Task statement
Each line containing the string "Iron" should be copied out of the entries.

Given records
^^^^^^^^^^^^^^^^
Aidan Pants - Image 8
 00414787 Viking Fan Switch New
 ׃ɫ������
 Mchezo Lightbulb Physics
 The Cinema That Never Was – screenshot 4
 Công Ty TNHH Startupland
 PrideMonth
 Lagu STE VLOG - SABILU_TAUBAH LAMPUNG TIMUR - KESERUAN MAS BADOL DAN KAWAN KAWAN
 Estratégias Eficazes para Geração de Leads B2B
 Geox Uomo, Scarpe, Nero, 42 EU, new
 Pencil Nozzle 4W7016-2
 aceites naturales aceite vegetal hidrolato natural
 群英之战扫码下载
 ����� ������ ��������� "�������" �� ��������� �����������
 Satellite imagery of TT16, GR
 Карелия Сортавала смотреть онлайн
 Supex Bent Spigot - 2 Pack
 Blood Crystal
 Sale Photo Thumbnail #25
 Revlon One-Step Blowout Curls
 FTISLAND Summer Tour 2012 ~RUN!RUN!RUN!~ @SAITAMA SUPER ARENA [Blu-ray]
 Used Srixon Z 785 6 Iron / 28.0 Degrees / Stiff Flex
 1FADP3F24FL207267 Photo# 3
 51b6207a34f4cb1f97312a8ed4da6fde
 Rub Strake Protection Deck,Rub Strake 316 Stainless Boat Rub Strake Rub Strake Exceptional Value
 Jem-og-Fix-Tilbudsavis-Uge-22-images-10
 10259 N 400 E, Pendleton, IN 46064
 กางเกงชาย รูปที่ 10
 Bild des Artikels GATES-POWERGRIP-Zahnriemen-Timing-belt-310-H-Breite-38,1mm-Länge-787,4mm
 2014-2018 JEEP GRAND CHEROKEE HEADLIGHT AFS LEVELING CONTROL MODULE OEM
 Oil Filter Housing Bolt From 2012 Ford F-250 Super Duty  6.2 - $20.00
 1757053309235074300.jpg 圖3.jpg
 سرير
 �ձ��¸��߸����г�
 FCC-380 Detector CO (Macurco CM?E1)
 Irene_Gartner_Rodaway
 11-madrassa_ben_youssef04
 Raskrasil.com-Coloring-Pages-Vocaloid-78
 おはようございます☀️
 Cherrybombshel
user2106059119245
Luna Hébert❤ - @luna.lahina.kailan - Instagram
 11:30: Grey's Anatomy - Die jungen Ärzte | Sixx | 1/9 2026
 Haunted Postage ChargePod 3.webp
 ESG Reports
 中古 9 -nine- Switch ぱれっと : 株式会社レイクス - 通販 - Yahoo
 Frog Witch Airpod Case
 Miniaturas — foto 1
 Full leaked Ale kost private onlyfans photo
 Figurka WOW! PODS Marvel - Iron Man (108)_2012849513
^^^^^^^^^^^^^^^^
Result below
 Used Srixon Z 785 6 Iron / 28.0 Degrees / Stiff Flex
 Figurka WOW! PODS Marvel - Iron Man (108)_2012849513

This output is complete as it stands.